Here’s a surprising anomaly that showed up in a question on the OTN forums a little while ago. Consider a simple query that uses a hash join between two tables.
select
/*+
ordered
use_hash(t2)
parallel(t1 2)
parallel(t2 2)
pq_distribute(t2 hash hash)
*/
t1.padding,
t2.padding
from t1, t2
where t2.n1 = t1.n1
and t2.small_vc = t1.small_vc
;
When it runs serially the join completes in memory and the only I/O you see comes from the two tablescans. When the query runs parallel something causes a spill to the temporary tablespace. Here’s the code to build the tables, followed by the execution plans from 9.2.0.8 and 10.2.0.3:
alter session set workarea_size_policy = manual;
alter session set hash_area_size = 10495760;
create table t1
nologging -- adjust as necessary
as
with generator as (
select --+ materialize
rownum id
from all_objects
where rownum <= 3000
)
select
rownum n1,
lpad(rownum,6,'0') small_vc,
lpad(rownum,200,'0') padding
from
generator v1,
generator v2
where
rownum <= 10000
;
create table t2
nologging -- adjust as necessary
as
with generator as (
select --+ materialize
rownum id
from all_objects
where rownum <= 3000
)
select
1 + mod(rownum,10000) n1,
lpad(1 + mod(rownum,10000),6,'0') small_vc,
lpad(rownum,500,'0') padding
from
generator v1,
generator v2
where
rownum <= 20000
;
-- gather statistics here
Execution plan: 9.2.0.8
-------------------------------------------------------------------
| Id| Operation | Name| Rows | TQ |IN-OUT| PQ Distrib |
-------------------------------------------------------------------
| 0| SELECT STATEMENT | | 2 | | | |
|* 1| HASH JOIN | | 2 | 98,02 | P->S | QC (RAND) |
| 2| TABLE ACCESS FULL| T1 |10325 | 98,00 | P->P | HASH |
| 3| TABLE ACCESS FULL| T2 |20212 | 98,01 | P->P | HASH |
-------------------------------------------------------------------
Execution plan 10.2.0.3
--------------------------------------------------------------------------------
| Id | Operation | Name | Rows | TQ |IN-OUT| PQ Distrib |
--------------------------------------------------------------------------------
| 0 | SELECT STATEMENT | | 2 | | | |
| 1 | PX COORDINATOR | | | | | |
| 2 | PX SEND QC (RANDOM) | :TQ10002 | 2 | Q1,02 | P->S | QC (RAND) |
|* 3 | HASH JOIN BUFFERED | | 2 | Q1,02 | PCWP | |
| 4 | PX RECEIVE | | 10000 | Q1,02 | PCWP | |
| 5 | PX SEND HASH | :TQ10000 | 10000 | Q1,00 | P->P | HASH |
| 6 | PX BLOCK ITERATOR | | 10000 | Q1,00 | PCWC | |
| 7 | TABLE ACCESS FULL| T1 | 10000 | Q1,00 | PCWP | |
| 8 | PX RECEIVE | | 20000 | Q1,02 | PCWP | |
| 9 | PX SEND HASH | :TQ10001 | 20000 | Q1,01 | P->P | HASH |
| 10 | PX BLOCK ITERATOR | | 20000 | Q1,01 | PCWC | |
| 11 | TABLE ACCESS FULL| T2 | 20000 | Q1,01 | PCWP | |
--------------------------------------------------------------------------------
I’ve created table t1 with 10,000 rows and a (unique) column n1 that ranges from 1 to 10,000. Table t2 then has 20,000 rows, again with an n1 column that ranges from 1 and 10,000 in this case with two rows per value. When you join the two tables on their n1 columns, the result set will have 20,000 rows.

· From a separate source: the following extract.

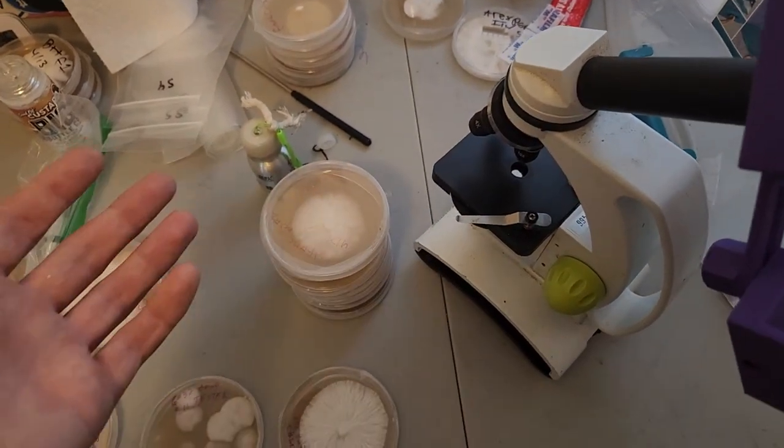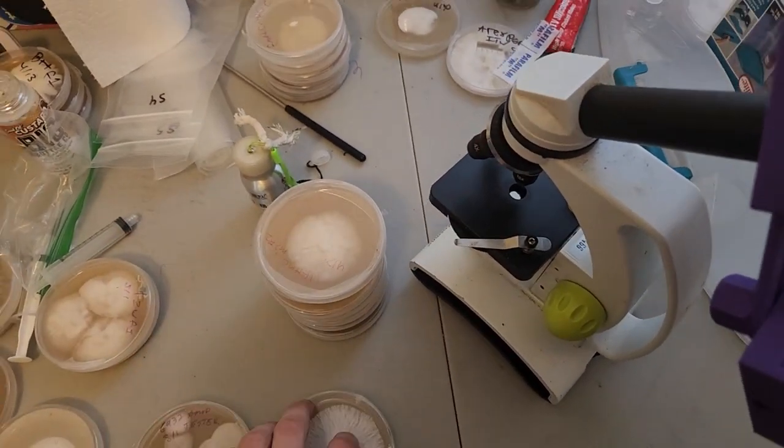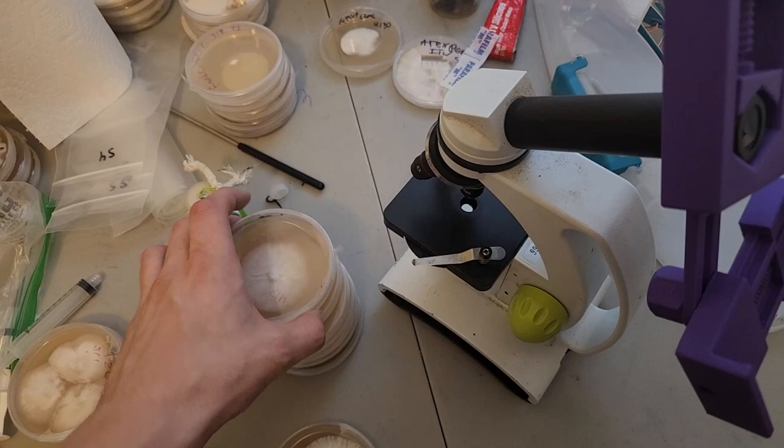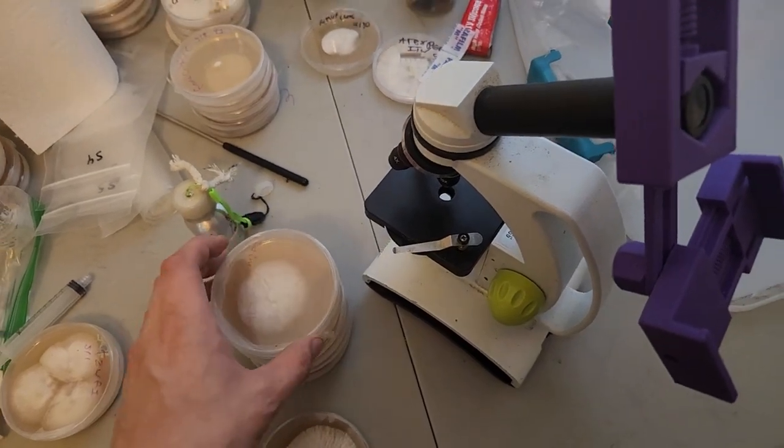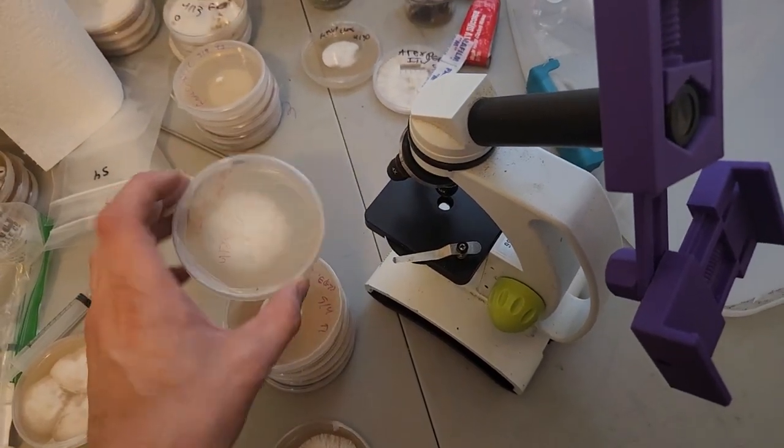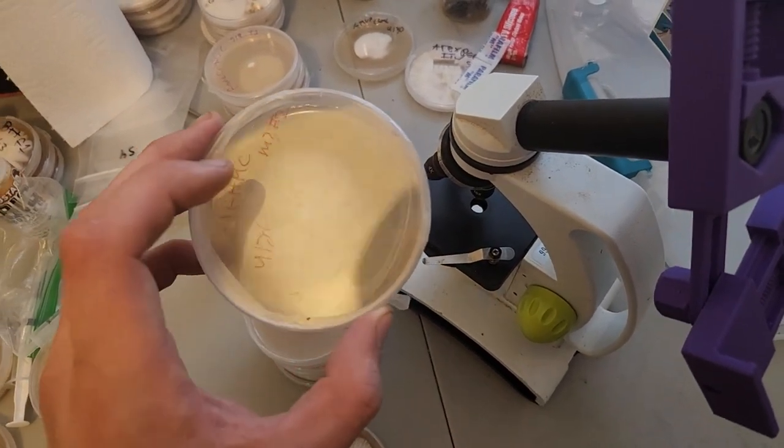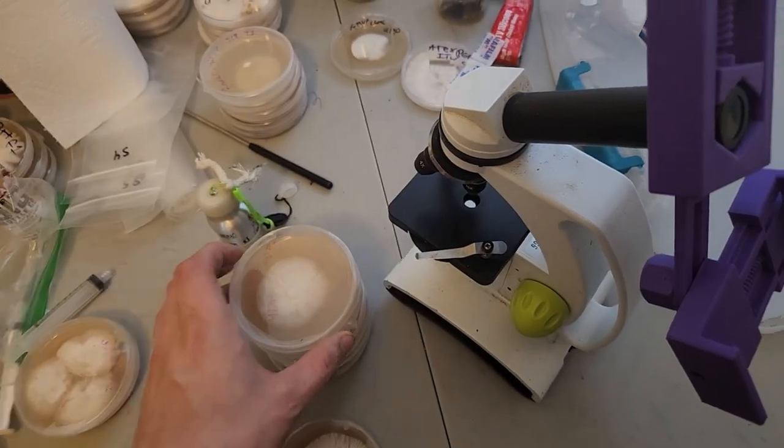I'll make a video more in depth on actually isolating single spores and different techniques, but this video is just going to be a quick one on how I check for clamp connections on the mycelium.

The table-creation code is more complex than it really needs to be, but I wrote it that way in case I needed to create a few million rows in each table.
You will notice that I have switched to manual workarea management so that I can set the hash_area_size (rather than letting Oracle pick a dynamic limit based on the pga_aggregate_target and current PGA usage). This is simply to make the test case reproducible. I’ve also included the pq_distribute() hint in the query to tell the optimizer to use the hash/hash distribution rather than broadcasting the first table (which could be forced by the hint /*+ pq_distribute(t2, broadcast, none) */). In my example, the optimizer took the hash/hash option automatically and I have just included the hint for reasons of reproducibility, and to demonstrate the hint syntax.
Mechanisms:
Checking the execution plans, we can build the following picture:

One set of PX slaves scans t1 (referenced as para_1 in the picture) and distributes the data by hashing (on the n1 column) to the second set of slaves by writing virtual table (or table queue) Q0, then the same set of slaves scans table t2 (para_2) and distributes the data in the same way, using virtual table Q1.
The second set joins the two virtual tables by reading Q0 to build the hash table then probing the hash table with each row from Q1 as it arrives, passing each join result to the query coordinator by writing to virtual table Q2.
Data Volume
So, I’ve got 10,000 rows of about 200 bytes each for a total of about 2MB, and a table of 20,000 rows of about 500 bytes each for a total of about 10MB, and a join result of 20,000 rows of about 700 bytes for a total of 14MB. Since we are running parallel 2, we might expect each PX slave to see about 5,000 rows (1 MB) from t1, 10,000 rows (5MB) and 10,000 rows (7MB) of result.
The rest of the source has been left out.